Seller’s obligation to carry the goods to the buyer and the buyer’s obligation to pay the purchase price In the category Buying and selling Many people are interested in knowledge and learning about many subjects, this knowledge may be vital at some point in your life, attention enough, and dive into more detail more articles and learn more information about Seller’s obligation to carry the goods to the buyer and the buyer’s obligation to pay the purchase price.
The sales contract is bilateral, due to all of the parties to this agreement (buyer and seller) have an obligation to the interest of the other party, the debtor is the last thing I wanted to do in her favour, and at the same time the creditor has the right to demand it. Moreover, two important duties counter sales contract and equally: the seller’s obligation to carry the goods to the buyer and the buyer’s obligation to pay the purchase price, mutually define each other and are essentially equivalent. So, the sales contract of mutually binding contracts.
Nature of the contract of sale to the buyer side in all cases (except the sales contract with payment) reciprocal performance lies to fulfil their commitments, the buyer paid for the goods can be attributed to the seller’s performance of its obligations to transfer the goods to the buyer. In other words, should not serve the buyer pay for the goods by the seller to perform its obligations to transfer the goods to the buyer. If the contract of sale if payment for the goods from the buyer, the seller coming performances could lead to failure to fulfil their obligations with regard to transport goods pending the receipt of the buyer arising from this prepayment.
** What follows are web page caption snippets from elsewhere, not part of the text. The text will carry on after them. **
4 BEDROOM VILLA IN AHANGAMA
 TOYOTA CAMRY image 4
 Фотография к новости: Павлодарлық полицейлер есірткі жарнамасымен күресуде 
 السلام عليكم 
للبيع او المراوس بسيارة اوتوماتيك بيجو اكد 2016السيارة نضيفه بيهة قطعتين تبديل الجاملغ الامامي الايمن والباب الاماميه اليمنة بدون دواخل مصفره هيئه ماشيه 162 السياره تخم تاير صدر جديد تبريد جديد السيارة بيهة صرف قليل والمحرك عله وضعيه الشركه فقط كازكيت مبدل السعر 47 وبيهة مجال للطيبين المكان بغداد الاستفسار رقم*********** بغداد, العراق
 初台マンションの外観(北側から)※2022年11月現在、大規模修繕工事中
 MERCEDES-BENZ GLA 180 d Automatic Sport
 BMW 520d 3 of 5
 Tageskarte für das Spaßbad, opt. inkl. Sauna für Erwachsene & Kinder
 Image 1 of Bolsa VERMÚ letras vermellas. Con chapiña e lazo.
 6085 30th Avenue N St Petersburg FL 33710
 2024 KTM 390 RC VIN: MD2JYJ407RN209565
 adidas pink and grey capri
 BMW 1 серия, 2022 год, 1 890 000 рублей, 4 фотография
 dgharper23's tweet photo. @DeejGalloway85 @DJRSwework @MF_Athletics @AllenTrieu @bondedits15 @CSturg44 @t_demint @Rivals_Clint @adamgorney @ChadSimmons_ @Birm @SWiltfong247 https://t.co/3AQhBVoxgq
Legal consequences of acceptance by seller or buyer respectively the topic coming to fulfil the obligations that in case of failure caused by the Party bound by contract or performance conditions clearly indicate that such performance will be issued within the time limit prescribed, the subject of oncoming performance suspension of performance of its obligation or withdraw from the contract and claim compensation.
In cases where the seller or the buyer may not be recognized as the implementation topics coming in the opposite direction, the character of the contract of sale is reflected in the fact that all of them additional rights in relation to the counterparty, who has fulfilled its obligations. For example, when selling goods on credit from the moment of transfer of the goods to the buyer and payment of final product recognizes individuals in the mortgage from the seller to ensure performance by the buyer of its obligations to pay for goods.